> _Task description_: Leaving out the images, reproduce every line of the data that follows exactly.

> _Recorded information_:
+ + +
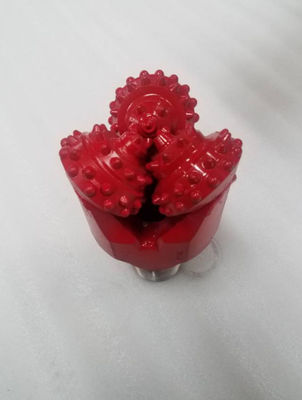 IADC637 우물 Tricone 드릴용 날 Blasthole 조금에 의하여 주문을 받아서 만들어지는 색깔 API 증명서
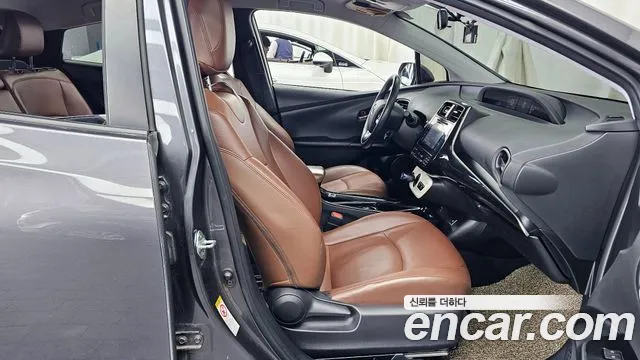 Toyota Prius 2017 — фото 11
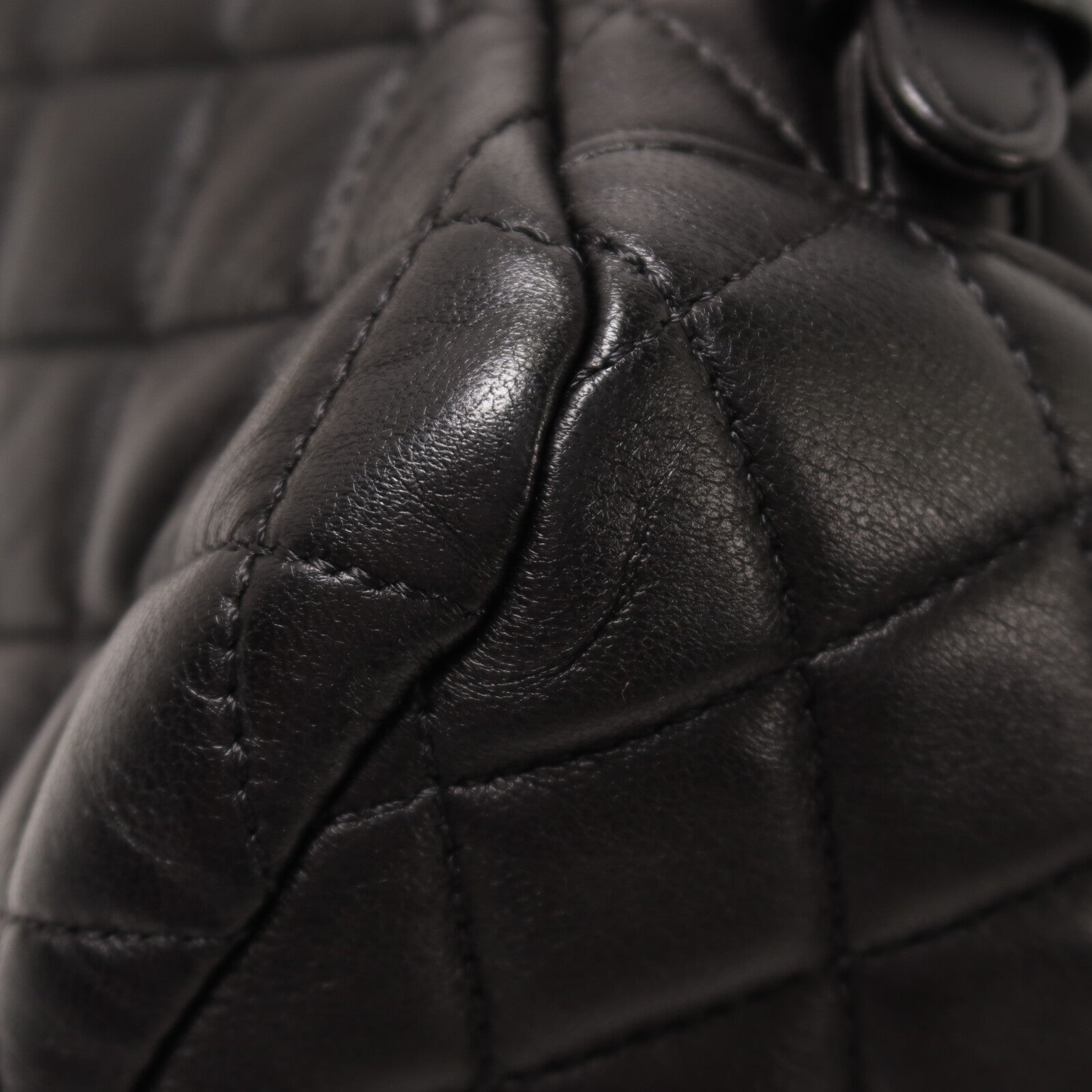 CHANEL 羊皮皮革Urban Spirit Backpack鏈帶背包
+ + +
> _Output of the task_:
 IADC637 우물 Tricone 드릴용 날 Blasthole 조금에 의하여 주문을 받아서 만들어지는 색깔 API 증명서
 Toyota Prius 2017 — фото 11
 CHANEL 羊皮皮革Urban Spirit Backpack鏈帶背包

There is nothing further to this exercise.